Article 6
a) Principe
La rémunération sera faite au mois et sera, pour un horaire hebdomadaire de travail déterminé et effectivement accompli pendant le mois considéré, indépendante du nombre de jours travaillés dans le mois.
b) Rémunération mensuelle minimale
La rémunération mensuelle minimale, pour l'horaire hebdomadaire de quarante heures, sera obtenue en multipliant par 174 le salaire horaire minimum garanti résultant, pour la catégorie de l'intéressé, de la convention collective ou de l'accord de salaire applicable dans l'établissement.
Les conventions collectives, ou accords, traitant de salaires minima dans les branches professionnelles entrant dans le champ d'application du présent accord devront assurer au personnel ouvrier et au personnel employé de même coefficient hiérarchique la même rémunération minimale garantie, sans distinction entre le personnel féminin et masculin.

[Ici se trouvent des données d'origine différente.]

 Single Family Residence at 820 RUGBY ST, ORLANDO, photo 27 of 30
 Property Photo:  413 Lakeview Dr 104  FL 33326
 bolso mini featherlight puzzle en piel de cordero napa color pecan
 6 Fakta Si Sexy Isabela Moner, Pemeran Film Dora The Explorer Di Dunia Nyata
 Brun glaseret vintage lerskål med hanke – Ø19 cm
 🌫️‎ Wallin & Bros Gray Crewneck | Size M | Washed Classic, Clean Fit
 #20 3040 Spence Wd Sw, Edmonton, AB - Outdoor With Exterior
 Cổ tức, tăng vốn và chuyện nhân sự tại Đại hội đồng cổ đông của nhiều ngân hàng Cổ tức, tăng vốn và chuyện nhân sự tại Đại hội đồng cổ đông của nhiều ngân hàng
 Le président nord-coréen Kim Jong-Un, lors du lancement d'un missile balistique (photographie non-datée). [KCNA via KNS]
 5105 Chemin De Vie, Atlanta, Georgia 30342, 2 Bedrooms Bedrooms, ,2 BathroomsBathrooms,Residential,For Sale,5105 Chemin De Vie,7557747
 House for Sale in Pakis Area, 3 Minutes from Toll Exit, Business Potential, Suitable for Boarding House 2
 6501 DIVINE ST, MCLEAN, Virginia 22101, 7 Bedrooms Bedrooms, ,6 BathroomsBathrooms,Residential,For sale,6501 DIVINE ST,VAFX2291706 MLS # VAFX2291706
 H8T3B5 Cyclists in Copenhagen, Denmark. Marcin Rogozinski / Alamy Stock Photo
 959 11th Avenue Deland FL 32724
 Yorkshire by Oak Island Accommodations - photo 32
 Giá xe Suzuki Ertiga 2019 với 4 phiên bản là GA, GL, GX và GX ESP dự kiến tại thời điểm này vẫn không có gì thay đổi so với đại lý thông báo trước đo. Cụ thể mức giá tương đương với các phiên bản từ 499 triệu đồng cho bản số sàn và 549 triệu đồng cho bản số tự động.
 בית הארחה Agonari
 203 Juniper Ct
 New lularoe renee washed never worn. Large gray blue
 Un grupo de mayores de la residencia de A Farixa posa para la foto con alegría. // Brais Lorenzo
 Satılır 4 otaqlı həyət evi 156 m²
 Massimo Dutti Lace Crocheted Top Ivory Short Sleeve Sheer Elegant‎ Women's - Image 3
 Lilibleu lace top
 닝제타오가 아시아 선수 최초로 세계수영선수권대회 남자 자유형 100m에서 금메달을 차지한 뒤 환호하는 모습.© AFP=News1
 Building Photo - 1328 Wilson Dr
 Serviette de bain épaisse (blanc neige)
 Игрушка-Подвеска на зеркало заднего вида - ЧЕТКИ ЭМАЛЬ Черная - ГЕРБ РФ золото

c) Rémunération mensuelle effective
Rémunération fixe : la rémunération mensuelle effective, pour un horaire hebdomadaire de quarante heures, se calculera en multipliant par 174 le taux horaire effectif de l'intéressé, en y ajoutant, s'il y a lieu, les indemnités compensatrices de réduction d'horaire lorsqu'elles n'ont pas été intégrées dans le salaire horaire.
Rémunération variable : la rémunération mensuelle effective devra être au moins égale à la rémunération mensuelle minimale pour un travail normal ; elle résultera de la formule de rémunération au rendement ou à la tâche, telle qu'elle est appliquée dans l'établissement, étant entendu que les primes de production et de rendement qui subsisteraient feront l'objet d'une intégration progressive dans le salaire se terminant, au plus tard, le 31 décembre 1981.
d) Adaptation de la rémunération mensuelle à l'horaire réel
Les rémunérations mensuelles, minimale et effective, seront adaptées à l'horaire réel, de telle sorte que :
Si des heures supplémentaires sont effectuées en sus de l'horaire hebdomadaire de quarante heures, elles sont rémunérées en supplément avec les majorations correspondantes, conformément aux dispositions légales en vigueur ; lorsqu'un mois civil se termine sur une semaine civile incomplète, les heures supplémentaires afférentes à ladite semaine seront payées le mois suivant ;
Si une partie de l'horaire hebdomadaire ayant servi à la détermination de la rémunération mensuelle n'est pas effectuée, elle est déduite de ladite rémunération mensuelle sur la base, pour un horaire hebdomadaire de quarante heures, de un cent-soixante-quatorzième par heure non effectuée (1) ; toutefois, ne donneront pas lieu à déduction les absences de courte durée dûment autorisées, motivées par les obligations de caractère impératif (2).
Il est en outre précisé :
Que l'indemnité de congés payés est égale, conformément à la loi, au douzième de la rémunération totale perçue par le salarié au cours de la période de référence, sans pouvoir être inférieure à la rémunération qu'aurait perçue l'intéressé s'il avait continué à travailler pendant la période de congés.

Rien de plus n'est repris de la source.